■ **EXERCISE DETAILS**
Output each line from the one that contains "VEVOR 8 Inch" to the final line of the data below, exactly, and include nothing else.
** Opening DATA FOR REVIEW block **
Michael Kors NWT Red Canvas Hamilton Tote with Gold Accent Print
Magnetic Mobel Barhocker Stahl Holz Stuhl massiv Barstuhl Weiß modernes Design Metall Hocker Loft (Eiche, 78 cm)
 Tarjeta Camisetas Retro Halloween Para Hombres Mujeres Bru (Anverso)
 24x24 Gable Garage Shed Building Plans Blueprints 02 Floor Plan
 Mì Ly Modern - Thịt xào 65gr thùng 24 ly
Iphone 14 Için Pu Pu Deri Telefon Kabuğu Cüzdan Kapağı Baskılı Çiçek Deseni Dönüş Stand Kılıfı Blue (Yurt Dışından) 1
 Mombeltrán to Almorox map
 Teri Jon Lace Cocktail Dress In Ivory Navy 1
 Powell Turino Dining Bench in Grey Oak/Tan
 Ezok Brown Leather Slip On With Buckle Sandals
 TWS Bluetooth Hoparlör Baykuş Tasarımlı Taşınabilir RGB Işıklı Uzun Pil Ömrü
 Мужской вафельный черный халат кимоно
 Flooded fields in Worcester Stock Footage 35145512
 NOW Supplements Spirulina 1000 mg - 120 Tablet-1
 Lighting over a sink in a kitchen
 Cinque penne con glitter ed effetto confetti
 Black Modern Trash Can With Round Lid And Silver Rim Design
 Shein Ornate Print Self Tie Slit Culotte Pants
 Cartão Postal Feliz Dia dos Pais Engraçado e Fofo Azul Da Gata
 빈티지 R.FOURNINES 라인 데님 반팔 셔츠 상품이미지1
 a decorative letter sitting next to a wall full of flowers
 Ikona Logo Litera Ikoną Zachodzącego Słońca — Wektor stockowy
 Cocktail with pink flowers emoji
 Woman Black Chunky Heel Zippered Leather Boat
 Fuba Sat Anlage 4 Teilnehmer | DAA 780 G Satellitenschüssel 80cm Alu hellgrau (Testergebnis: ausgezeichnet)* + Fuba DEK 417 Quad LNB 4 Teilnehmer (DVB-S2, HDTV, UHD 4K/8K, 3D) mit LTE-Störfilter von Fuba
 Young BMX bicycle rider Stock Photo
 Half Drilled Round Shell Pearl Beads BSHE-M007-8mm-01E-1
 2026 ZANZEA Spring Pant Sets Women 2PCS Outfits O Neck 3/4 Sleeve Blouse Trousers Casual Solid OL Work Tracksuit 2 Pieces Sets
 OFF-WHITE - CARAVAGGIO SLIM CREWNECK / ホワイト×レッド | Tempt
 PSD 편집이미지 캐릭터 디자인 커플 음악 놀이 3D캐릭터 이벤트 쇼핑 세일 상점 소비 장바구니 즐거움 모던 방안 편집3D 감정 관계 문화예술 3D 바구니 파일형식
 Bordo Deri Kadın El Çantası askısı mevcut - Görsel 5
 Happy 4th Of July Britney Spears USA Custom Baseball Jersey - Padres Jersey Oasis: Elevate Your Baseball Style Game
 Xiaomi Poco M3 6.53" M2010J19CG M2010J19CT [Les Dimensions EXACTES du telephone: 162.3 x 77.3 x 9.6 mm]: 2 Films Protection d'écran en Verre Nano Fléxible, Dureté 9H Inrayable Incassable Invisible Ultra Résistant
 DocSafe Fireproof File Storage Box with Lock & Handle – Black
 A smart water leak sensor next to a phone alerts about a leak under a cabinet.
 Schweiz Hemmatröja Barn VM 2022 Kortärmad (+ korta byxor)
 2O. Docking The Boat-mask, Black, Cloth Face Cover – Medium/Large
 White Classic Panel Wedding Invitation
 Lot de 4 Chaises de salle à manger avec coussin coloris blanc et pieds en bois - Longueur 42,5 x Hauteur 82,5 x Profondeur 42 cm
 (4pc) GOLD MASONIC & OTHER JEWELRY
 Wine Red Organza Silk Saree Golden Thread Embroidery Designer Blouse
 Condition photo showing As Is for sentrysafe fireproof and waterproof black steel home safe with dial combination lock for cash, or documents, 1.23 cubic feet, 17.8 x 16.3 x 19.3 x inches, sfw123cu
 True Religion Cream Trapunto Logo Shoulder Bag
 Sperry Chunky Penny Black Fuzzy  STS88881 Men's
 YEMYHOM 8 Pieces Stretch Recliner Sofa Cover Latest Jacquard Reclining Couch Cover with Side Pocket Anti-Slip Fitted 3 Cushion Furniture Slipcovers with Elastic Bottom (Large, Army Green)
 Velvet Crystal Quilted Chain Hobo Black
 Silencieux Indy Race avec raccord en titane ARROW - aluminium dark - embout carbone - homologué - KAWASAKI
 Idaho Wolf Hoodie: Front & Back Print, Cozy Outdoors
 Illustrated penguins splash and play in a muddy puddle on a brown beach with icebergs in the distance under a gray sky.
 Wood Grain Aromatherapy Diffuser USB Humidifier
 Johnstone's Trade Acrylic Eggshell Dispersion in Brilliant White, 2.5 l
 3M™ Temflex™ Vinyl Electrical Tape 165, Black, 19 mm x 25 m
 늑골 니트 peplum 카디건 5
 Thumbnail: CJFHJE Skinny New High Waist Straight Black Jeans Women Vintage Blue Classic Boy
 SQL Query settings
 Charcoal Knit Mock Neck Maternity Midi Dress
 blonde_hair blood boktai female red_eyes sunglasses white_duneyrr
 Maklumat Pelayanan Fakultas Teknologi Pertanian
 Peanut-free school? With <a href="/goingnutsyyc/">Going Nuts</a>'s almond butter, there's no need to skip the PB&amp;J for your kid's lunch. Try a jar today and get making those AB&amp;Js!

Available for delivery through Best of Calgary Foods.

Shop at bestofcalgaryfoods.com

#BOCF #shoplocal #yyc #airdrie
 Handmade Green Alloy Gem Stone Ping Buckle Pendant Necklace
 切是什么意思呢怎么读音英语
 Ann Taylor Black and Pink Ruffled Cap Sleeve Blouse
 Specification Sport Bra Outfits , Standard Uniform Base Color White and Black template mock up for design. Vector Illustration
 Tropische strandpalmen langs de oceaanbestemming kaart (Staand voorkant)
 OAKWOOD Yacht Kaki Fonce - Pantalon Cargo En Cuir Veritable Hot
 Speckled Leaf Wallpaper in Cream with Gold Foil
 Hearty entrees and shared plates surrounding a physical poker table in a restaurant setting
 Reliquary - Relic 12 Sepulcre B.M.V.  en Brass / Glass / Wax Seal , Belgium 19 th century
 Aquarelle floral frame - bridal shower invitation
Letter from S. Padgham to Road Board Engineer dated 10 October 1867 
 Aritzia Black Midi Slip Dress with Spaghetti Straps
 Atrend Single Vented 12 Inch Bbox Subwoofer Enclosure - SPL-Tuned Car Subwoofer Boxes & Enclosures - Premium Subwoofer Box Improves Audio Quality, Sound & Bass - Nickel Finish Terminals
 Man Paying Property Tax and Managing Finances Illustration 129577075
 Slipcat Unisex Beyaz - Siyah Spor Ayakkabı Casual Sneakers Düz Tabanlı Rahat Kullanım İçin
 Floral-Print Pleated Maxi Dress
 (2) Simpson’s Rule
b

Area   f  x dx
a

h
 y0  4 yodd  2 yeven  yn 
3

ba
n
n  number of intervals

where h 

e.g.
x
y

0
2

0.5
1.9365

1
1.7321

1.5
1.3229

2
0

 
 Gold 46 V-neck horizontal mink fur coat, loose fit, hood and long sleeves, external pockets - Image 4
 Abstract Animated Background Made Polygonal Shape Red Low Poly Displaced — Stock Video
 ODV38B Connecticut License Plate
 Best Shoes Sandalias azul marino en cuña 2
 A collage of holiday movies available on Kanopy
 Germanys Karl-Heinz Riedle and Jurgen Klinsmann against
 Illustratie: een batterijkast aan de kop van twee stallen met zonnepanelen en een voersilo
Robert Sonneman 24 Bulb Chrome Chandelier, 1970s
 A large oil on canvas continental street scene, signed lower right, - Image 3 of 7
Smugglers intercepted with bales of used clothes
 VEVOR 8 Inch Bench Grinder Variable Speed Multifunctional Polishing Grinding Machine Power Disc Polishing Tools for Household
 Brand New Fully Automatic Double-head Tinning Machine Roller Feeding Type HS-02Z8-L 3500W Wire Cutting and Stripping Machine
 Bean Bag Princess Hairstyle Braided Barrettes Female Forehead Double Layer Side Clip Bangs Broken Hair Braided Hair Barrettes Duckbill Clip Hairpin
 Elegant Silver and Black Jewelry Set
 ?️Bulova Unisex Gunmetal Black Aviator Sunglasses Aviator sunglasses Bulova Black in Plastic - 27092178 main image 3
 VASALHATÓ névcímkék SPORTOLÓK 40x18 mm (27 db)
** Closing DATA FOR REVIEW block **
■ **OUTPUT BELOW**
 VEVOR 8 Inch Bench Grinder Variable Speed Multifunctional Polishing Grinding Machine Power Disc Polishing Tools for Household
 Brand New Fully Automatic Double-head Tinning Machine Roller Feeding Type HS-02Z8-L 3500W Wire Cutting and Stripping Machine
 Bean Bag Princess Hairstyle Braided Barrettes Female Forehead Double Layer Side Clip Bangs Broken Hair Braided Hair Barrettes Duckbill Clip Hairpin
 Elegant Silver and Black Jewelry Set
 ?️Bulova Unisex Gunmetal Black Aviator Sunglasses Aviator sunglasses Bulova Black in Plastic - 27092178 main image 3
 VASALHATÓ névcímkék SPORTOLÓK 40x18 mm (27 db)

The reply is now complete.